Section 8. Nontransferability of Options. An Option granted under the Plan shall be transferable by the Optionee only by will or by the laws of descent and distribution and shall be exercisable during the lifetime of the Optionee only by the Optionee.
Section 9. Termination of Employment. A transfer of employment among the Company and any of its Affiliates shall not be considered to be a termination of employment for the purposes of the Plan. The Committee, in its sole and
3
absolute discretion, shall determine whether an authorized leave of absence or absence on military or government service shall constitute a termination of employment for purposes of the Plan.

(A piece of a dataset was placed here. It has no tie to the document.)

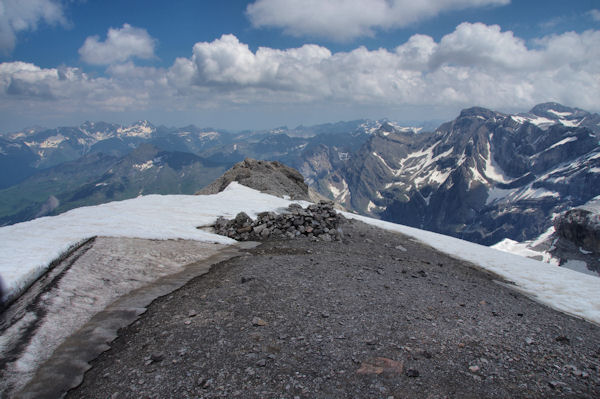Emplacement de bivouac au sommet du Taillon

Nothing in the Plan or in any option agreement evidencing an Option granted under the Plan shall confer upon any Optionee any right to continue in the employ of the Company or any Affiliate or in any way interfere with the right of the Company or any Affiliate to terminate the employment of the Optionee at any time, with or without cause.

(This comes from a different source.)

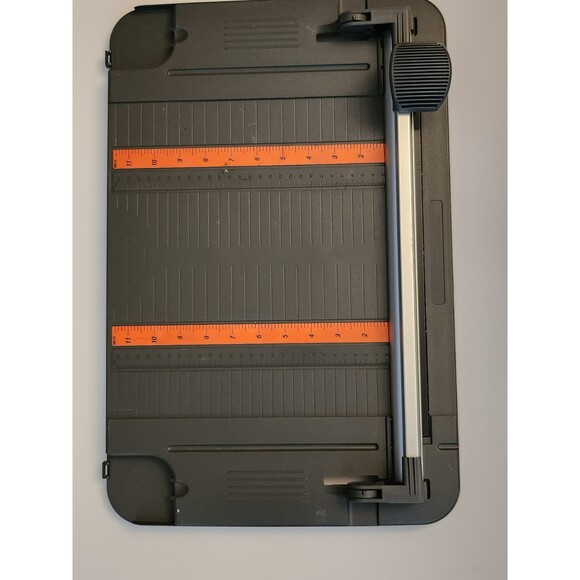 Art Fiskars Cutting Board Paper Rotary Cutter Tabletop Crafting Nb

Section 10. Adjustments Upon Changes in Common Stock. In the event the Company shall effect a split of the Common Stock or dividend payable in Common Stock, or in the event the outstanding Common Stock shall be combined into a smaller number of shares, the maximum number of shares as to which Options may be granted under the Plan shall be decreased or increased proportionately. In the event that before delivery by the Company of all of the shares of Common Stock for which any Option has been granted under the Plan, the Company shall have effected such a split, dividend or combination, the shares still subject to such Option shall be increased or decreased proportionately and the purchase price per share shall be decreased or increased proportionately so that the aggregate purchase price for all of the shares then subject to such Option shall remain the same as immediately prior to such split, dividend or combination.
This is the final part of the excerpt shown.